Arriving in Colaba, we drove down narrow streets lined with old apartment buildings. He lost his way.

Of course at the airport he had given me the impression that he knew exactly where my hotel was. He had no idea where it was. He stopped at regular intervals to ask for information from the few individuals still wandering around on the abandoned streets at that ungodly time of the morning. And yes, of course, at one of these fact finding stops, the car conked out again and I had to get out give my driver another push start –

I was having to push start his taxi because he didn’t know where to go…huh?


At 5 am, I finally arrived at my hotel, very jaded and very tired. 

On the pavement stood a young man whose job it was to stand there all night watching everyone who came and went in and out of the hotel. He was a kind of human alarm system.

My first reaction was to be very short and direct with him. But he spoke good English and he was very nice. 

I struck up a conversation with him.

He was from Orissa, one of the poorest states in India. Like so many others, he had come to Mumbai to find work. Every night, from 8 pm to 8am, he stood on the pavement. He shared a room with nine other young men. He said it was ok, five of them worked at night, five during the day, so the room was never too crowded. He had no education, but within five months of arriving in Mumbai  and meeting westerners he had learned enough English to hold an extended conversation. He asked  me the normal Indian questions – how old I was, whether I was married, how many kids I had and so on. He was amazed to discover that I had no  caste, wasn’t married and had no kids (‘don’t you like children? who will look after you when you get old?’).

After talking to him for quite some time, I went inside the hotel. After filling out some forms – ‘some forms?’, one hell of a lot of forms – I climbed narrow flights of stairs up to my room on the fourth floor, had a shower and passed out…..


Two hours afterwards I was wrenched out of a much-needed sleep by two sounds which I hate and hate passionately: drums and bagpipes!

If there is a Divine Being and He or She punishes me for not believing in Him or Her, it will not be in a place filled with burning sulphur but rather, in a place where the banging of drums and the shrill whining of bagpipes will resound forever and ever….


I was not a happy man. I was in a mood to kill someone. 

I looked out the window. 

I couldn’t see anything. To the left of my window there was a dingy apartment building  with rows of barred windows and on the flat roof, a bevy of crows dancing around.

To the right of the building was a clear view of a major road. My eyes  focused on the road – and then I saw the cause of my misery: 

Marching along the road were young Indian men dressed as Scotsmen with knee-high white socks, yellow kilts, blood-red shirts and yes, some were blowing bagpipes and others, bashing drums.

My anger evaporated. I couldn’t quite believe what I was seeing. 

After the Scotsmen came groups of school kids, immaculately turned out in their uniforms: blue trousers and dresses and white shirts.

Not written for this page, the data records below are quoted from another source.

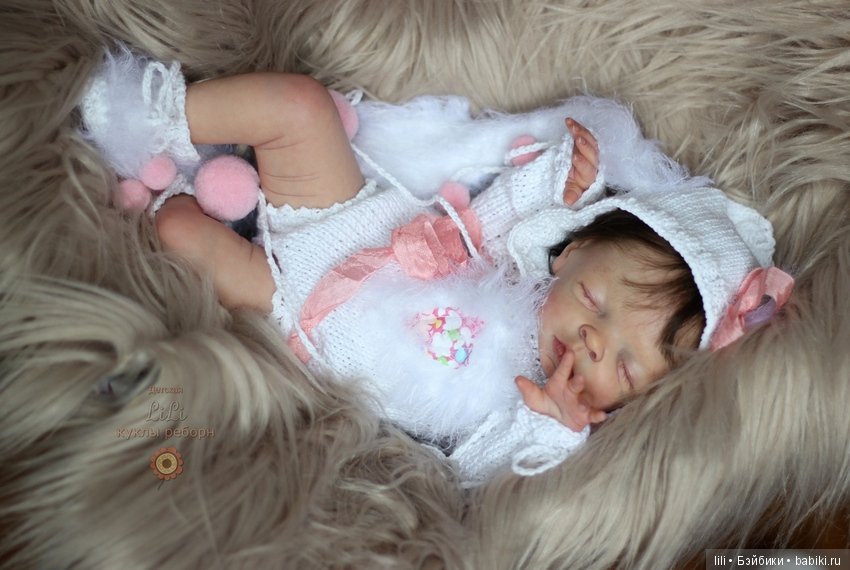 Заюшка Sweet Dreams — Молды и прототипы Реборн (Reborn): новинки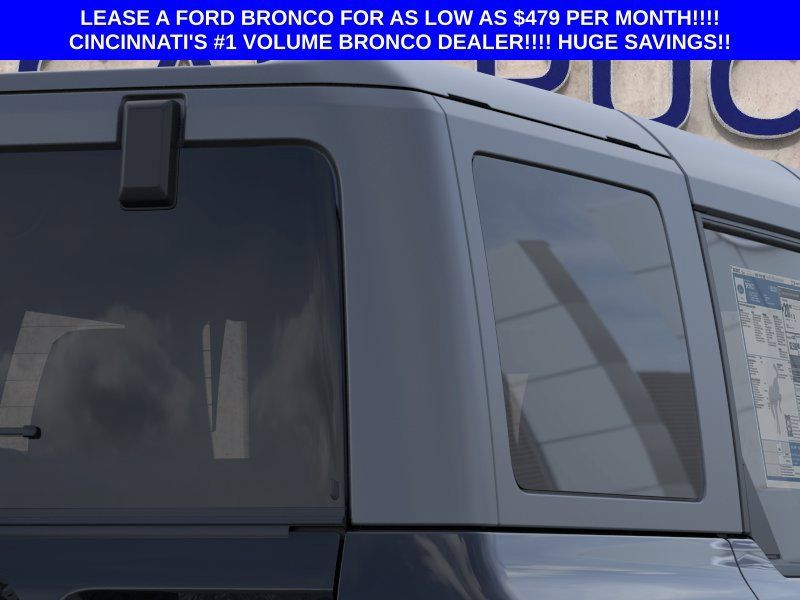 New 2026 Ford Bronco Big Bend AWD/4WD image 25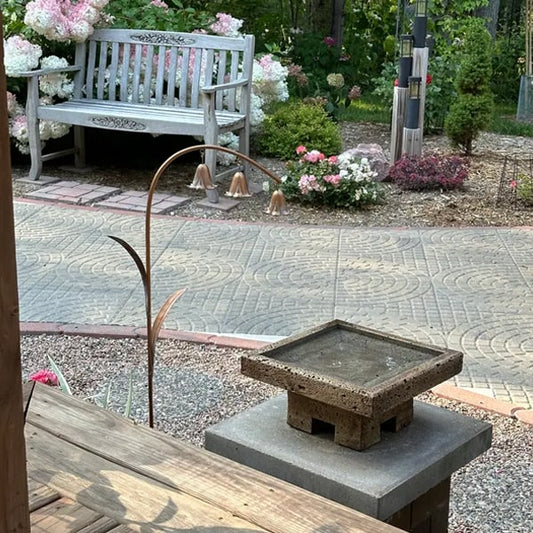Campania International Kosei Birdbath #B-132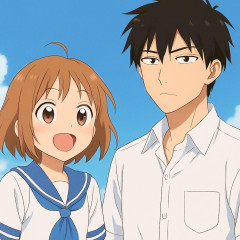 漫画「みいちゃんと山田さん」2027年アニメ化！ 原作者・亜月ねねのイラストとスペシャルPVを公開   |  坂口杏里で実写化してほしい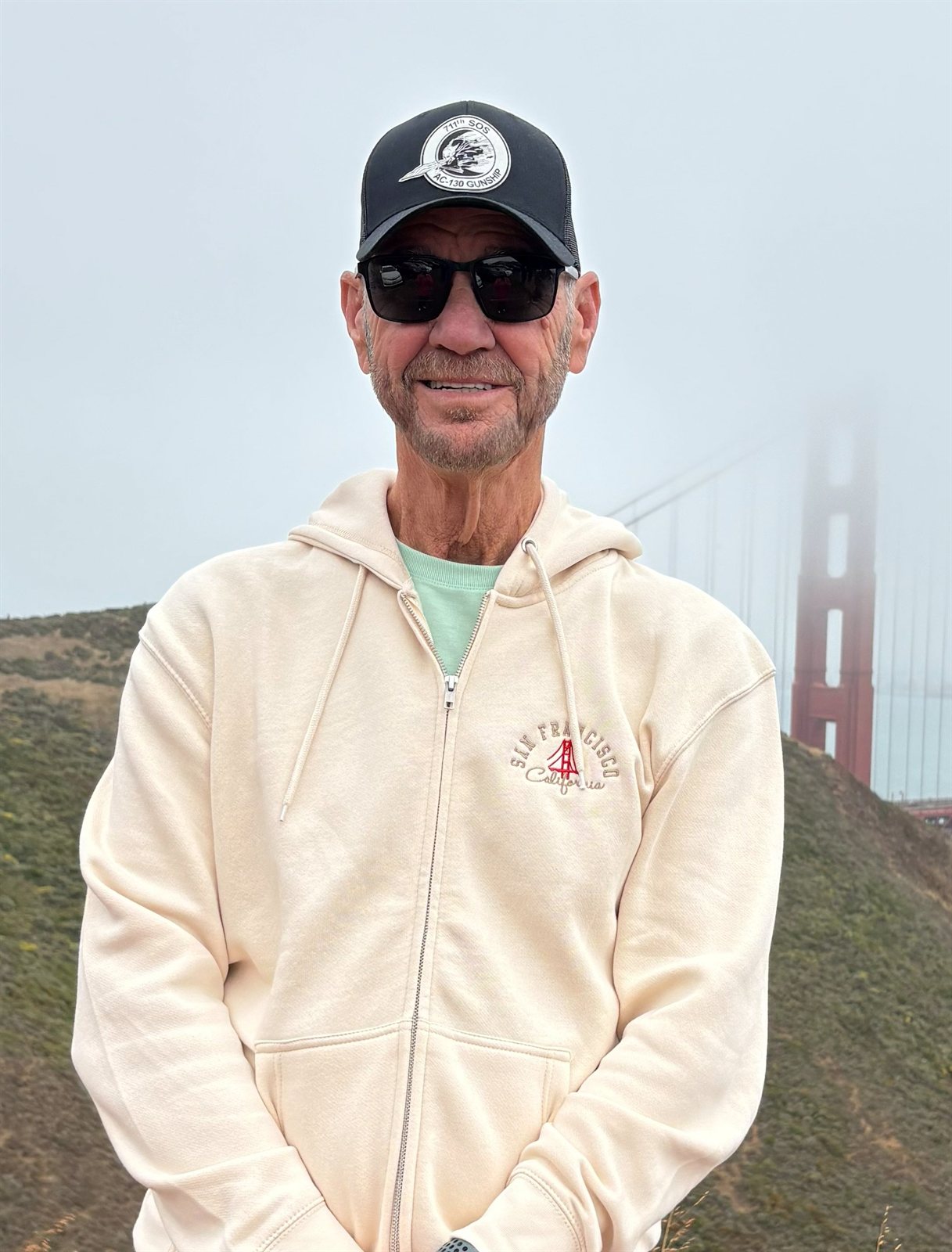David Graham — partner at All Phase Laser, veteran and lifelong welder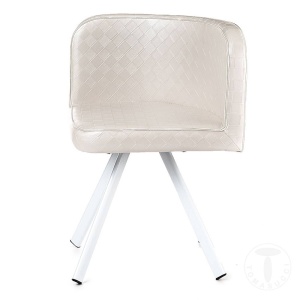 SET MASA SI SCAUNE, NEW DAILY, COD 1729, STIL MODERN, REALIZATA DIN METAL SI STICLA - Img 3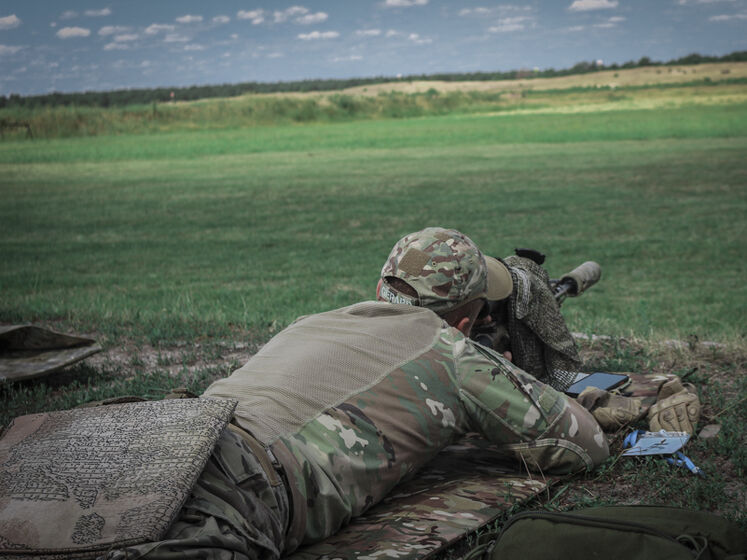 Канадські інструктори провели курс для снайперів Нацгвардії України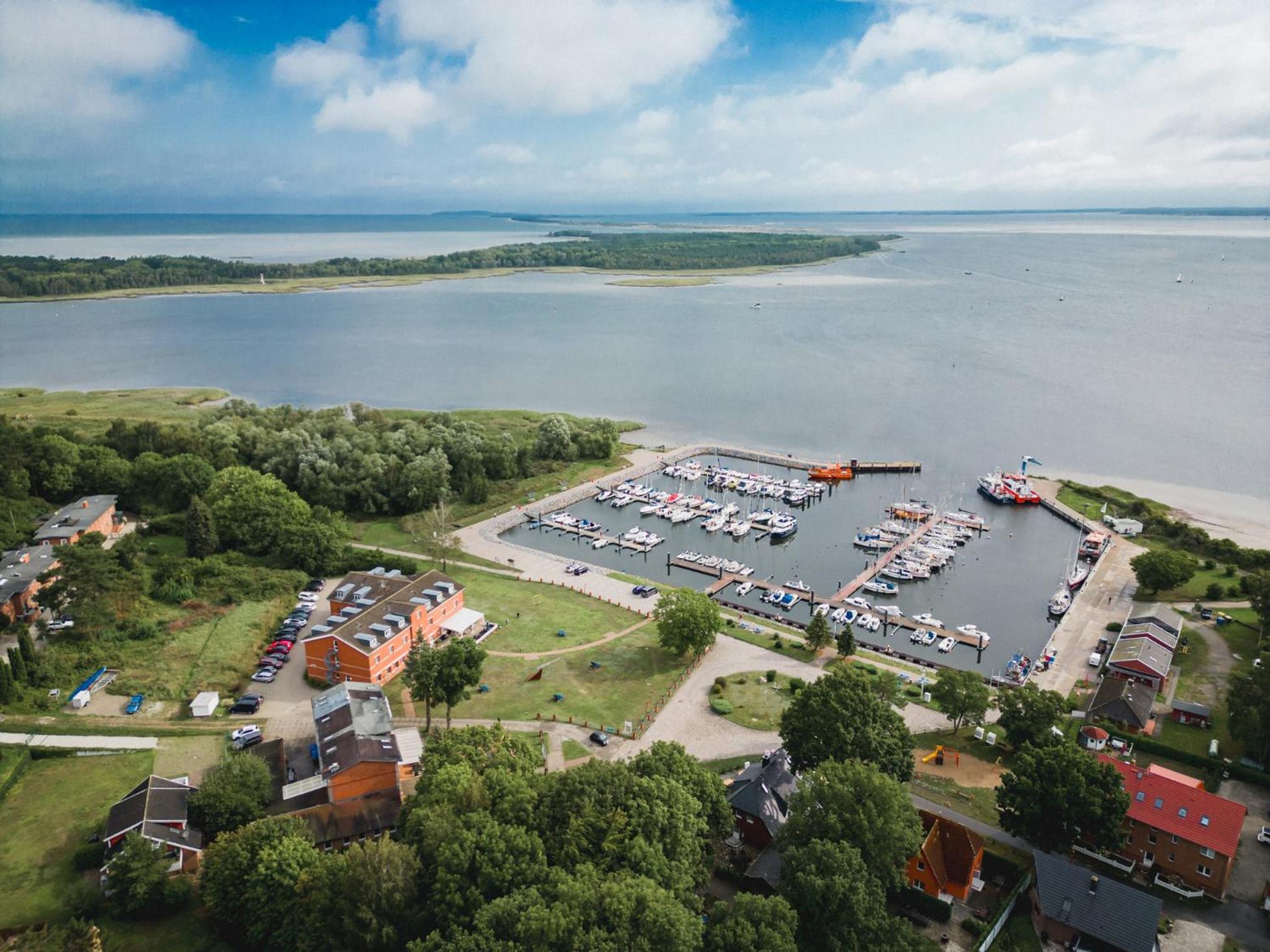 Hotel Seeblick Barhoft Eksteriør billede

After them came an elephant with a huge banner draped over its side.

The banner was green and edged with sparkling tinsel.

On the banner were engraved the words, in big red letters:

‘Kindly Observe Meatless Day’.


‘Kindly Observe Meatless Day’!!


Even in my tired, depleted state of mind I had to smile and wonder: 

Where else in the world could you possibly get a vegetarian pageant?


Welcome to India!!!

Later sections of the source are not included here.